The spy agency acknowledged it is looking toward a post-quantum future by working on the development of standards that can protect National Security Systems (NSS) but added the viability of what the report termed a “Cryptographically Relevant Quantum Computer” is far off in the future.
“NSA does not know when or even if a quantum computer of sufficient size and power to exploit public key cryptography (a CRQC) will exist,” the quantum FAQ said. “This technology exists today and is distinct from the quantum computing technology that might one day be used to attack mathematically based cryptographic algorithms.”
It’s hard to know whether the NSA is actually not worried about the security threat of quantum computing or just posturing for some other reason, but it’s fair to say following recent catastrophic breaches of classified systems, including the infamous SolarWinds hack, the U.S. government doesn’t have a great track record on spotting cybersecurity threats.
Even months after the attack the U.S. government agencies failed to meet even basic cybersecurity standards, according to a recent Senate Oversight Report created by inspectors general.
Despite the NSA’s lack of confidence in quantum computing’s impact on data security, companies like Canadian company Quantropi Inc are throwing considerable resources behind developing quantum-secure technology.
The company along with Canada’s National Research and Education Network (NREN) just announced it successfully tested its quantum key distribution technology by sending 55,000 32-bit encryption keys per second from Ottowa to Singapore at speeds that never dipped between 14 Mbps.
Quantropi CTO Michael Redding explained how the company is developing Quantum Entropy as a Service to secure data against quantum computers, which his company is better is going to happen in the next handful of years.
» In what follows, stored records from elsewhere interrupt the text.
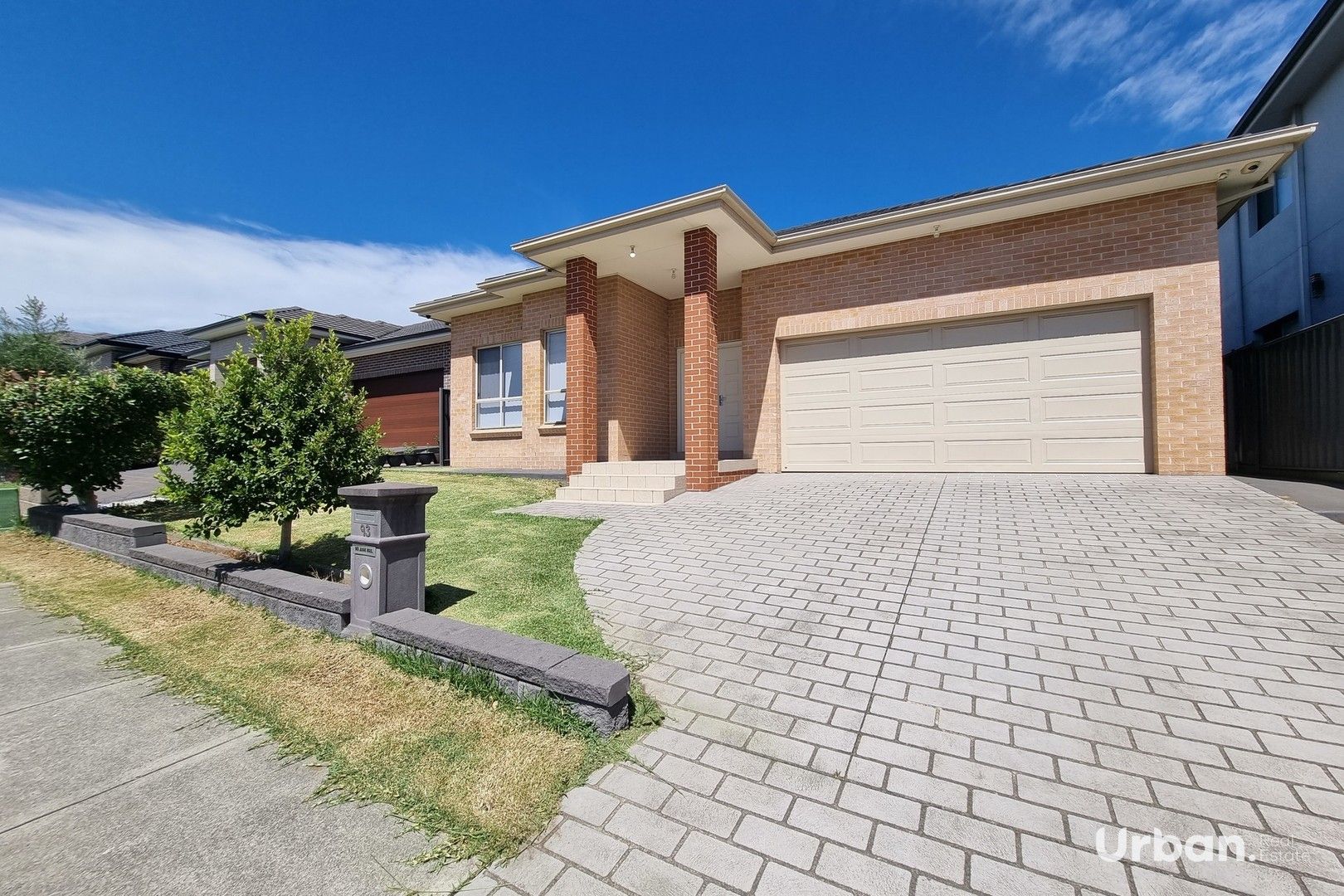 93 Conrad Road, Kellyville Ridge NSW 2155 House For Rent Domain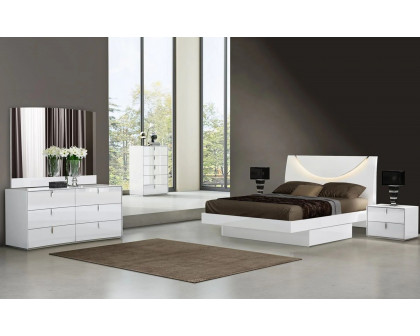 Jubilee - Benjamin Bedroom Set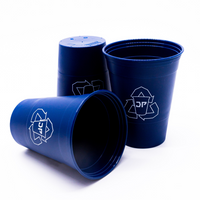 Bierpong Set - ICE BLUE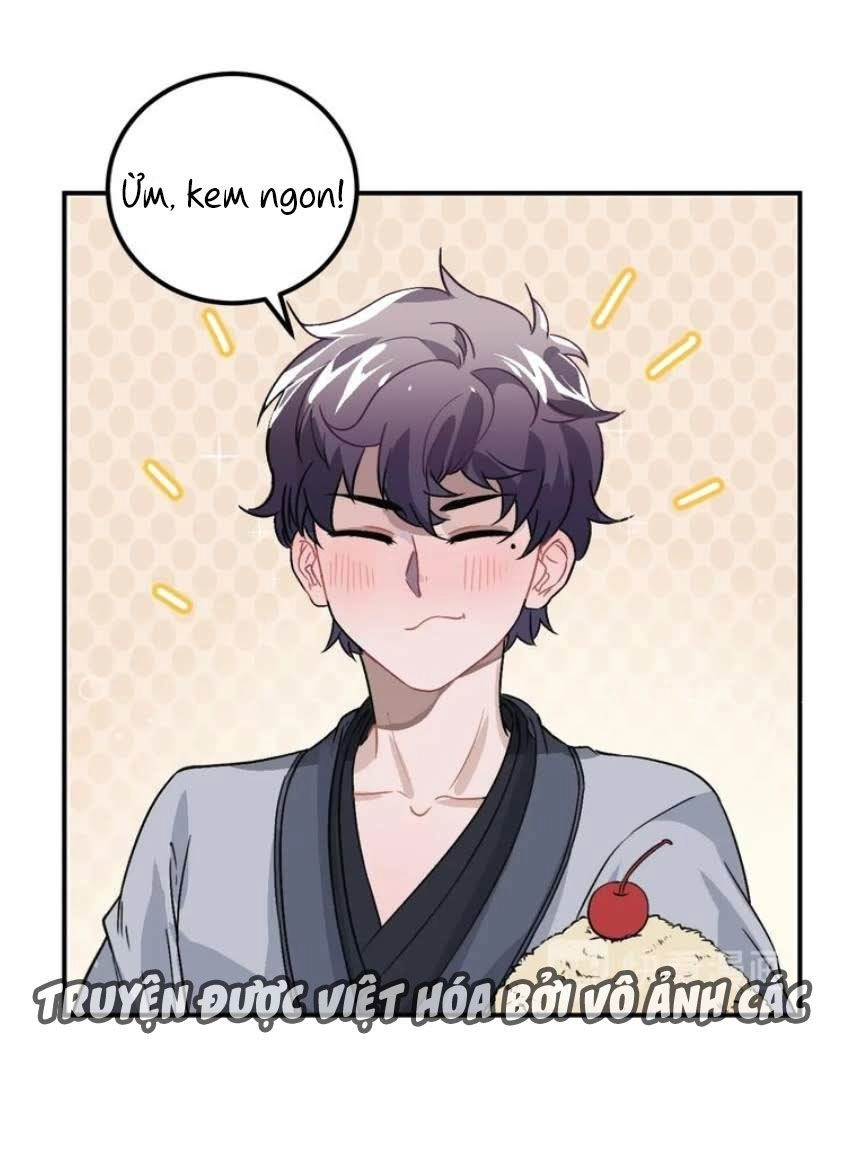 Trực Nam Tiểu Kiều Phi Của Vương Phủ Chapter 16 - 34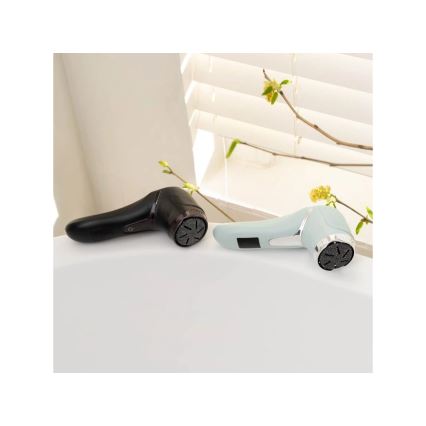 Silk’n - Elektrisk fodfil FRESHPEDI 5V/1500 mAh sort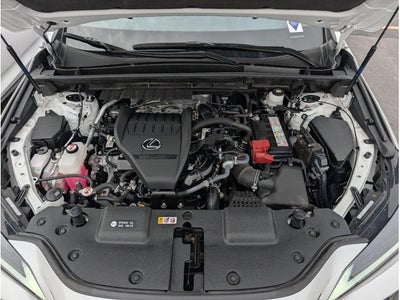 2024 Lexus NX 350 NX 350 PREMIUM AWD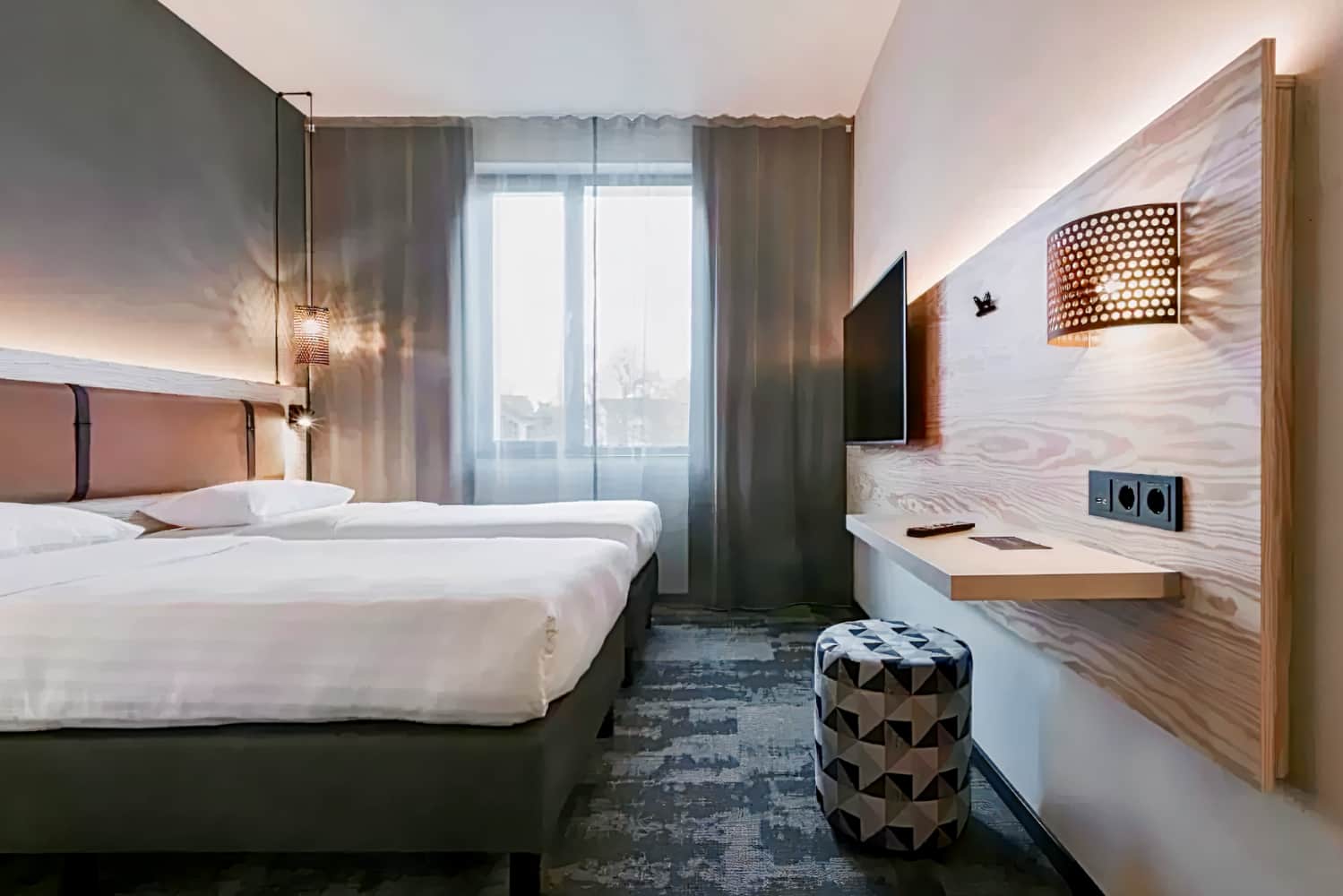 Moxy Darmstadt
“Let’s translate these results to the business world,” Redding explained. “If a 32-byte AES key is the standard, we’re transmitting anywhere from just under 400,000 (Edmonton) down to 55,000 keys per second (Singapore). To get your head around this, Google – representing ten times the traffic of any other site on the planet – requires an estimated 64,000 32-byte keys per second. So just from our small beta server in Ottawa – pre-optimization – we can support anywhere in the neighborhood of one to six Googles per second. With every single key delivered as secure from any attack – classical or quantum.”